My GSoC story begins My-GSoC-story-begins
Published on: 02 May 2017, Tue
:tada: That was the most exciting moment in past few months as I finally acheived my 2-year awaited GSoC dream. I started contributing to coala since the very first day of 2017 (Not a new year resolution though :P) and no doubt, the journey so far had been awesome and offered me a lot of opportunities to learn and grow as a developer. The last few months have indeed been bit hectic but the outcomes have been worth every effort.
About my project
You can read the abstract here
The road ahead
This month is officialy a “community-bonding-period”. As I’m already familiar with the community as well as the codebase of coala-quickstart
, I plan to do extensive research about implementation of my project in this period so that I don’t face much difficulties during the upcoming “coding-phases”
PS: There’s gonna be lot of upcoming blog-posts regarding my GSoC journey and the new things that I learn on my way. Stay tuned…
Two weeks into Community Bonding
Published on: 20 May 2017, Sat
So it’s been more than two weeks into the Community bonding period, my examinations are about to get over (finally:sweat_smile:) and I’ve planned out my milestones with my mentors. Looks like I’ll be all set to code after 1 week.

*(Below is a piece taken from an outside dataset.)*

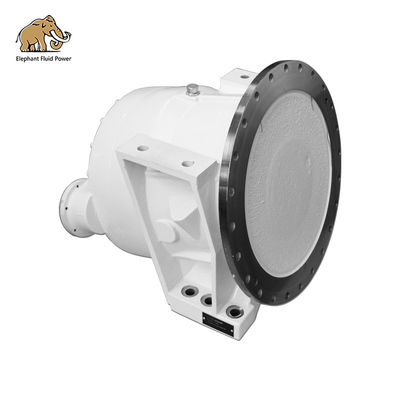 Harga Pabrik Baru P75SWR Gearbox Reducer Mixer Truck 8-16 Meter Kubik Beton Mixer Truck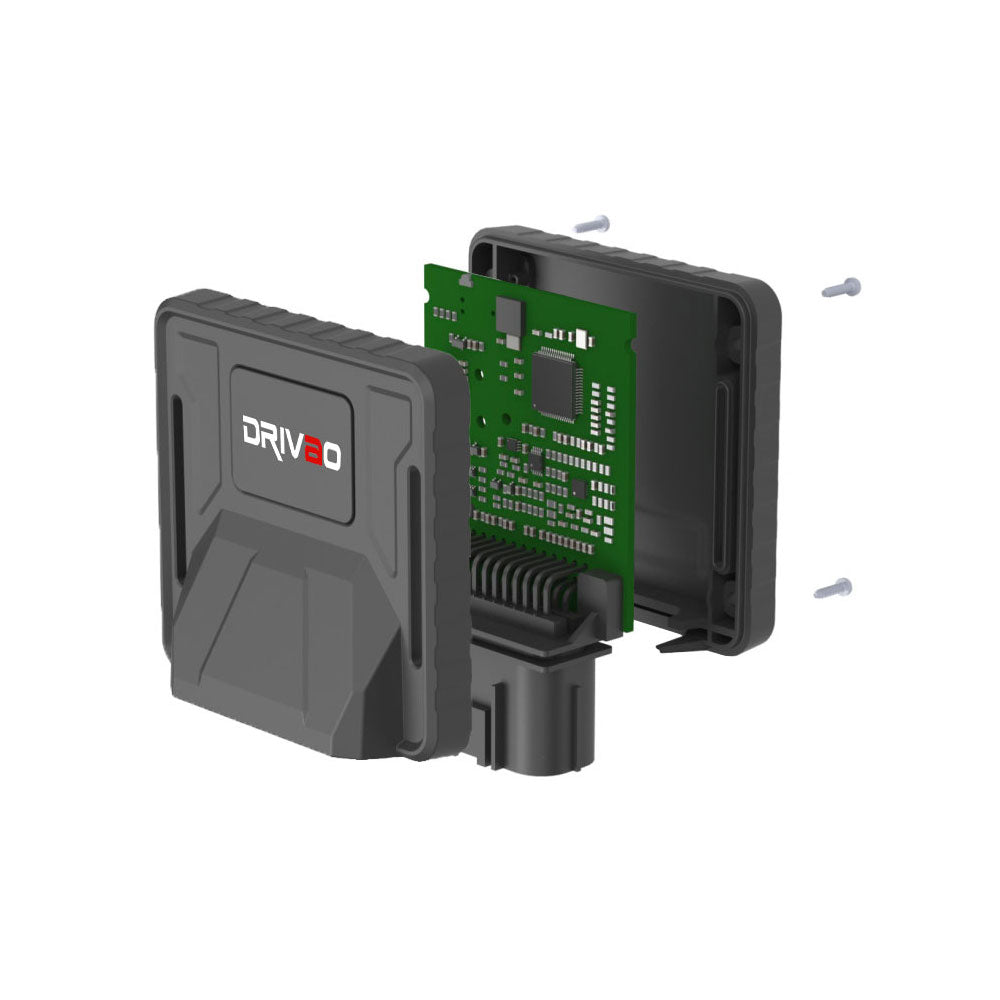 Boîtier de réactivité Moteur DRIVAO - Certifié TÜV & CE sur Xperts4x4 Accessoires 4x4 Off-Road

Here’s what I was upto past two weeks:
- I introduced myself and my project on the mailing lists.
- Disucssed my projects with my mentors and made adjustments to my timline.
- Did some research on the meta-files and the information to work on during my first phase of the project.

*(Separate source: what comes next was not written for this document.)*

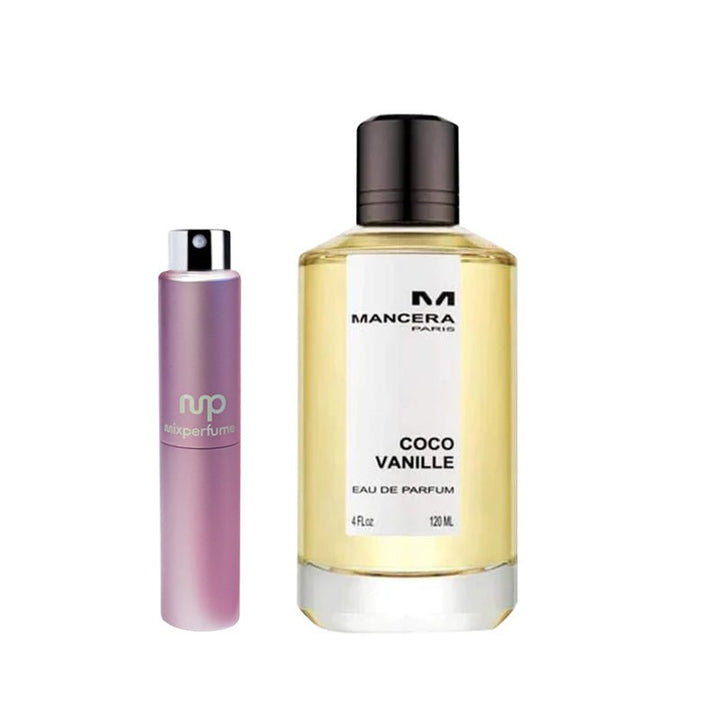 Roses Vanille (Eau de Parfum) Mancera Women - Sample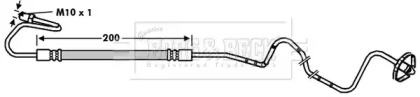 BORG & BECK BBH7839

- Created milestones and issues on Gitlab to keep track of my progress over the entire GSoC period.
- Proposed a cEP (coala Enhancement Proposal) regarding approach in Phase 1 of my project.
- Managed to get past my theory exams somehow :P , still left with Minor Project and Winter-training viva.
Some nice links:
- My post in mailing list - https://groups.google.com/forum/#!topic/coala-devel/0A_Wz3pyWgk
- The cEP I proposed - here
- Description of my project - http://projects.coala.io/#/projects?project=enhance_coala-quickstart
- My project milestones -
GSoC Update- Mid of Phase 1
Published on: 10 Jun 2017, Sat
Hey folks, hope everyone is doing great in this summer vaccation season. I saw statistics released from Google lately and was really happy to know that my university had the third highest number of GSoC students selected in the world :). Anyways, in this blog post I’ll summarize my work for these past two weeks.
TLDR;
Here’s what I was upto last two weeks.
- Implemented modules for representing information and extracting information.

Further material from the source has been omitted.